Aunque no está claro hasta qué punto era importante para la Alemania nazi el petróleo suministrado por los soviéticos, es cierto que el pacto exigía a la parte alemana corresponder suministrando a los soviéticos productos industriales terminados, incluido equipamiento militar de vanguardia, que el Ejército Rojo utilizó para mejorar sus defensas contra un ataque alemán que esperaban tarde o temprano. Esto preocupaba mucho a Hitler que, por lo tanto, estaba deseando emprender su cruzada antisoviética lo antes posible. Decidió hacerlo a pesar de que Gran Bretaña estaba lejos de ser descartada después de la caída de Francia. Por consiguiente, en 1941 el dictador alemán iba a tener que emprender el tipo de guerra en dos frentes que en 1939 esperaba evitar gracias a su pacto con Moscú y se iba a enfrentar a un enemigo soviético que se había vuelto mucho más fuerte de lo que era en 1939.
Stalin firmó un pacto con Hitler porque los artífices del apaciguamiento en Londres y París rechazaron todas las ofertas soviéticas de formar un frente común contra Hitler. Y los apaciguadores rechazaron estas ofertas porque esperaban que Hitler fuera hacia el este y destruyera a la Unión Soviética, un trabajo que esperaban facilitar ofreciéndole un “trampolín” en la forma del territorio checoslovaco. Es prácticamente seguro que sin el pacto Hitler habría atacado a la Unión Soviética en 1939. Sin embargo, debido al pacto Hitler tuvo que esperar dos años antes de poder emprender por fin su cruzada antisoviética, lo que proporcionó a la Unión Soviética un tiempo y espacio adicionales que permitieron mejorar sus defensas lo suficiente para sobrevivir al embate cuando en 1941 Hitler finalmente mandó sus perros de guerra hacia el este. El Ejército Rojo sufrió terribles pérdidas, pero finalmente logró detener al gigante nazi. Sin este éxito soviético, un logro que el historiador Geoffrey Roberts calificó de “la mayor hazaña bélica de la historia mundial”, Alemania muy probablemente habría ganado la guerra porque habría logrado el control de los campos de petróleo del Cáucaso, de las ricas tierras agrícolas de Ucrania y de muchas otras riquezas del vasto territorio de los soviéticos.
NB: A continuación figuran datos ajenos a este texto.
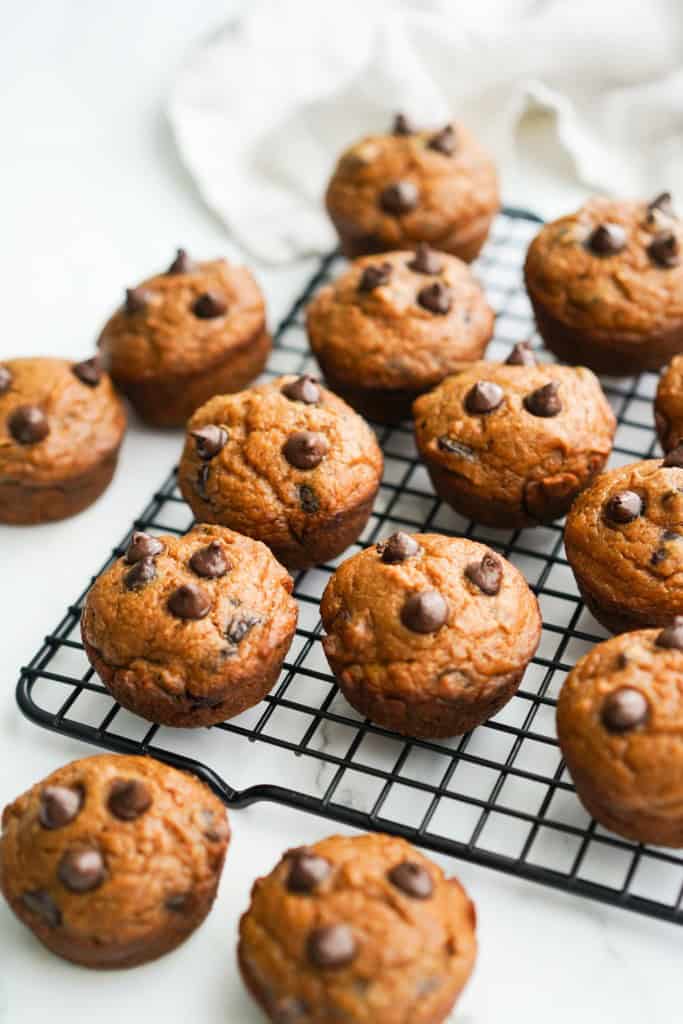 Pumpkin muffins with chocolate chips on top on baking rack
Ese triunfo habría transformado a la Alemania nazi en una superpotencia inexpugnable, capaz de emprender incluso guerras a largo plazo contra cualquiera, incluida una alianza anglo-estadounidense. Una victoria sobre la Unión Soviética habría dado a la Alemania nazi la hegemonía de Europa. Hoy la segunda lengua del continente no sería el inglés, sino el alemán, y en París los hombres vestidos a la última moda se pasearían por los Campos Elíseos enfundados en [pantalones] Lederhosen**.
Por consiguiente, sin el Pacto nunca habría tenido lugar la liberación de Europa, incluida la liberación de Europa Occidental, por parte de los estadounidenses, británicos, canadienses, etc. Polonia no existiría, las y los polacos serían Untermenschen***, siervos de colonos “arios” en un Ostland**** germanizado que se extendería desde el Báltico hasta los Cárpatos o incluso hast a los Urales. Y un gobierno polaco nunca habría ordenado destruir los monumentos en honor del Ejército Rojo, como ha hecho hace poco, no solo porque no existiría Polonia y, por lo tanto, tampoco un gobierno polaco, sino porque el Ejército Rojo nunca habría liberado Polonia y aquellos monumentos nunca se habrían erigido.
La idea de que el Pacto Hitler-Stalin desencadenó la Segunda Guerra Mundial es peor que un mito, es una mentira descarada. La verdad es lo contrario: el pacto fue la condición previa para el feliz resultado del Armagedón de 1939-1945, esto es, la derrota de la Alemania nazi.
Jacques R. Pauwels es un historiador y escritor de origen belga que reside en Canadá. Es investigador del Centre for Research on Globalization (CRG). Su último libro es The Great Class War: 1914-1918. De este autor está traducido al castellano, por José Sastre, su obra El mito de la guerra buena: EE.UU en la Segunda Guerra Mundial, Hondarribia, Hiru, 2002.
Notas de la traductora:
* Un shtetl (“poblado” en yidis) era una villa o pueblo con una numerosa población de judíos en Europa Oriental y Central antes del Holocausto.
** Los Lederhosen son unos pantalones de cuero, largos o cortos, típicos de Baviera (Alemania), Austria y en la región autónoma italiana de Trentino-Alto Adigio. Originalmente era un traje típico de la región de los Alpes.
*** Untermensch (“subhumano”, en alemán) es un término empleado por la ideología nazi para referirse a lo que consideraba “personas inferiores”, particularmente a las masas del Este, es decir, judíos, gitanos y pueblos eslavos, principalmente polacos, serbios y más tarde también rusos.
**** Ostland era la unidad administrativa territorial que agrupaba varios países y regiones ocupados por la Alemania nazi en Europa del Este durante la Segunda Guerra Mundial y comprendía los países bálticos (Estonia, Letonia y Lituania), varias regiones del este de Polonia y zonas occidentales de Bielorrusia, Ucrania y Rusia que hasta entonces se encontraban bajo el control o soberanía de la Unión Soviética.
Fuente: http://www.globalresearch.ca/hitler-stalin-pact-august-23-1939/5687021


 Nota del blog . 

Cuando  se informa  sobre el  nazismo se obvian  hechos   fundamentales .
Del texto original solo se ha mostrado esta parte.